Why the Osborne story matters….
Mark Ferguson has a piece on LabourList calling the current swirl of stories around George Osborne’s private life a “distraction”. Normally, i’d be inclined to agree with Mark’s basic premise – that what Osborne did 20 years ago is of no relevance to the here and now of what he is doing to the economy. However, this case is a little different. For me, there are two broad case scenarios when it is acceptable and in the public interest to make a politicians private issue;
a) when their private actions contradict or call into question directly the sincerity of their public statements on an issue. For example, if in public you are calling for a return to ‘family values’ but in private are conducting an adulterous affair behind the back of your wife and 2.4 children then you should expect to be held to account for that. Your private life in this instance is made ‘fair game’ by your public proclamations and prescriptions for others.

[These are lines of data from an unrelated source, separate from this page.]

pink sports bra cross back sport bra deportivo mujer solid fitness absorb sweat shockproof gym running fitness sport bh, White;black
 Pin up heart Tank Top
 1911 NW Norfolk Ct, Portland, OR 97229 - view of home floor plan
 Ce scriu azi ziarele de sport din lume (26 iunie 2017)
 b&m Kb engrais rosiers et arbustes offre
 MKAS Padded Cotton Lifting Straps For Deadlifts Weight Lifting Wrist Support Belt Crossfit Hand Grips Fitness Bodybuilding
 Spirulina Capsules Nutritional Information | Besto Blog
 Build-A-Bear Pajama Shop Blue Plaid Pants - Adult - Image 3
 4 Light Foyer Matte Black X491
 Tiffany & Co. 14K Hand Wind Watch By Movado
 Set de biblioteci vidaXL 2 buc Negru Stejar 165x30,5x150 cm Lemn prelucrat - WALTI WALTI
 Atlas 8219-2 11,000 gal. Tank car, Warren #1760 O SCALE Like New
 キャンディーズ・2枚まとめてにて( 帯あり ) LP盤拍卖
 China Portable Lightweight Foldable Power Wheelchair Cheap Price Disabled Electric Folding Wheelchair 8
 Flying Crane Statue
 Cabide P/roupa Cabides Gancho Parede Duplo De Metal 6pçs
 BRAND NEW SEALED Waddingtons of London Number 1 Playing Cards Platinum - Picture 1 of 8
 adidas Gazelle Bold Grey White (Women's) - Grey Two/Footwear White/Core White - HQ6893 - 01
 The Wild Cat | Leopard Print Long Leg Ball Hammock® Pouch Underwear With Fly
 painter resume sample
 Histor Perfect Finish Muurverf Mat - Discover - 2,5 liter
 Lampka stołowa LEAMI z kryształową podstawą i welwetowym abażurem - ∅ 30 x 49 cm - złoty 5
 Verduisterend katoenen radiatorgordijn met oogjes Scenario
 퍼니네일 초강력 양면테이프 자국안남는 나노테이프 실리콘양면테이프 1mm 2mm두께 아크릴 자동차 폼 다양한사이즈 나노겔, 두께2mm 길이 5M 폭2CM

b) when your private life or circumstances within it lead you to abuse the position and power you hold, either in preferencing others or using it to buy the effective silence of scrutiny of your current or past actions. In other words, when you abuse your position and therefore public trust (as those in a do as well) because of factors in your private life. David Law’s antics are a good example of this, it’s not the fact he’s gay and wanted to hide it, it’s the fact that he pilfered from the public purse to do so.
There are shades of a about the Osborne case, after all, his government has moralised at us about ‘broken Britain’ and the ‘feral underclass’. However, the importance and relevance and, crucially, the legitimacy of using the Osborne story as a political weapon are mostly located in b. Specifically, the importance of this story is the new light it sheds on the reasoning behind Mr Osborne’s promotion of and close ties with both Andy Coulson and Rebecca Brooks. Did he promote Coulson in order to hush-up stories about his previous coke and cane antics? If so, did he do so with full knowledge of Coulson’s alleged criminality and proceed despite that? If he did then that definitely is an abuse of his position and powers of patronage.
It is also something i’d happen to be immensely ticked-off about if I was his boss, David Cameron. I do believe politicians have a right to a private life, and they have a right to not being flayed alive for doing things that many of us do, however when they use and abuse their position of privilege and power to cover that up, that is when there private lives should be opened up to scrutiny and they should expect judgment for that abuse of power. It is not what Osborne did in his youth that is the issue, he may well be forgiven that, but what he has subsequently done to cover his actions-up that is the real issue and his insipid links with Andy Coulson and News International. This is why the Osborne story matters, and this is why it’s legitimate for Labour to ask the questions that arise from it.